MITでやってるCellプログラミングの講義。
Selected Projectsを見ると、
Global Illumination や Distributed Realtime Ray Tracer 、Speech Synthesizer 等、骨のありそうな課題が並んでいます。
てか、普通に組むのでも結構大変じゃん、この課題。
ほんとに1ヶ月で、他にも講義とかあって忙しいはずなのに、
Cell向けにマトモに最適化されたものができるの?
(最悪PPUしか使いませんとかなら分かるけど)
そこまでMITは優秀なのか!?
それとも若さゆえの勢いなのか!?
くそっ、嫉妬してしまうぜ、奴らの若さと才能に。
てことで、そろそろ課題が出来上がって、webに公開されるのかも。楽しみ。
レンダリング系だと、巨大なメッシュやテクスチャの扱いが面倒ですし、GIをやろうとすれば、
テンポラリの領域も相当な大きさが必要になるでしょう。
ベクタライズなんて根性があれば誰でもできますが、
256KBの空間とDMAを駆使してプログラミングするのは、
かなりの障壁です(そこも慣れと根性なのかもしれませんが)。
巨大なメモリへのランダムアクセスが苦手というのが、SPUの最大の弱点ですねえ。
かといって、LSの代わりにキャッシュを載せたところで、ロジックやタグが載るので、
128KB程度のI/D混載キャッシュしか載らないとすると、どう考えても性能が出にくいので、
やっぱり今の設計で正解か。
いや、6コアでキャッシュ256KBが一番(楽で)良かったんじゃないかな。
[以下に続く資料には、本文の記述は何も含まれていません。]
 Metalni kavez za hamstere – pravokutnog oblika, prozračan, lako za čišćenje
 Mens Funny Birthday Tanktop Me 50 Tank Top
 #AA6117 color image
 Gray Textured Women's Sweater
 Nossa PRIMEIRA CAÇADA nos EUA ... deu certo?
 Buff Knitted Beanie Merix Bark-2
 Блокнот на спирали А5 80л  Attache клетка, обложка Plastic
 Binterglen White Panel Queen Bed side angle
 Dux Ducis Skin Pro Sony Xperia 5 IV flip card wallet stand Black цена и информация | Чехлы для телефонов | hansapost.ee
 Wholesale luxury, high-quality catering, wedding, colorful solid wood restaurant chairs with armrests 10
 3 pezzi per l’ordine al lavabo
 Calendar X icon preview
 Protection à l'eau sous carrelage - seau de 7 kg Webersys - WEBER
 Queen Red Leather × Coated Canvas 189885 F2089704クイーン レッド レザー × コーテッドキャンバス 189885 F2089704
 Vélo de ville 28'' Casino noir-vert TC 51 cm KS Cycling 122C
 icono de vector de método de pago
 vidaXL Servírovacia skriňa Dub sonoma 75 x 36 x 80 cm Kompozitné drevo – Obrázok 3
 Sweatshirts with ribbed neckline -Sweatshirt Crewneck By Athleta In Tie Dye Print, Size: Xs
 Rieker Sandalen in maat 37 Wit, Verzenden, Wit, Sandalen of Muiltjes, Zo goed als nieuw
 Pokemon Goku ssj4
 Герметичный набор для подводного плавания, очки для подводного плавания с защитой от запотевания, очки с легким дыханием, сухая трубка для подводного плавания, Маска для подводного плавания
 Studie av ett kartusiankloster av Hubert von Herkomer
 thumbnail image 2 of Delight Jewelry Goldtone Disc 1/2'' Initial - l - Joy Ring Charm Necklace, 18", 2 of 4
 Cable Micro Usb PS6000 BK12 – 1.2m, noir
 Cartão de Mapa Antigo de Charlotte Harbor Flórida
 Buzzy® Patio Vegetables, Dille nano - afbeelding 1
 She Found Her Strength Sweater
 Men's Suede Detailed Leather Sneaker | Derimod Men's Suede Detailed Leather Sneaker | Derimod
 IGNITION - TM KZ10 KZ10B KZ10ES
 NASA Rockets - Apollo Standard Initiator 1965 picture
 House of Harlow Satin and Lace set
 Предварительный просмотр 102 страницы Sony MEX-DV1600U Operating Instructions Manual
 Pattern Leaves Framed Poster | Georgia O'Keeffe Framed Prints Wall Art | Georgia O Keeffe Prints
うん。
(ピーク性能は落ちますがね)
そこらへんの大変さは、当然IBMも分かっているわけで、
SDK2.0をみると、software managed cache や spu code overlay といった、
プログラマの負担を減らしてくれるライブラリが新たに提供されています。
software managed cacheは、
a = cache_rd(name, addr_a);
b = cache_rd(name, addr_b);
cache_wr(name, addr_c, a + b);
といったように、読みの場合、グローバルアドレスを与えると、
キャッシュに載っているかを判定し、載っていなかったらDMAでローカルに持ってくる、
載っていたらローカルにある値を返す、という処理を行います。
キャッシュはWAY数やTAGの定義をプログラム毎に変えられます。
name を変えることで、複数のキャッシュを持たせ、効率をあげることができます。
ってさあ、重いよね、明らかに。ヒットしてもソフト的な負担が相当に重い。
なにせ、ハードのキャッシュはアドレスと大量のタグとの比較を並列処理で一瞬で終わらせてるから、
それをソフトでやるのはどうしても相対的に厳しい。
それを改善するために、LS上のキャッシュラインをロックして、
ライン単位でしか判定処理を行わないというインタフェイスも用意されている。
それなら速いんだけど、ラインのアラインの問題もあるし、使いにくさは残る。
どのみちポインタを辿る様な処理はかなり煩雑な手続きになってしまう。
また、ライン単位のようにアクセスの粒度が大きいことが始めから分かっていれば、
最初からDMAを使えばいい気もする。
といっても、DMAより扱うのは楽になるので、そういった意味で存在価値はあるが。
キャッシュでも、次にアクセスするブロックが予測できるなら、
予めtouchしてprefetchしておけば、
DMAのダブルバッファとほぼ同等の効果が得られるので、
やっぱLSじゃなくてキャッシュでも良かったのではないかと、若干思うんだよなあ。
そこらへんの設計思想は難しいね。
code overlayに関しては、
SIJAMのblogが詳しいです。
要は、関数を mov ax,xxxxh int 21h のような感じに、番号+callで呼ぶようにします。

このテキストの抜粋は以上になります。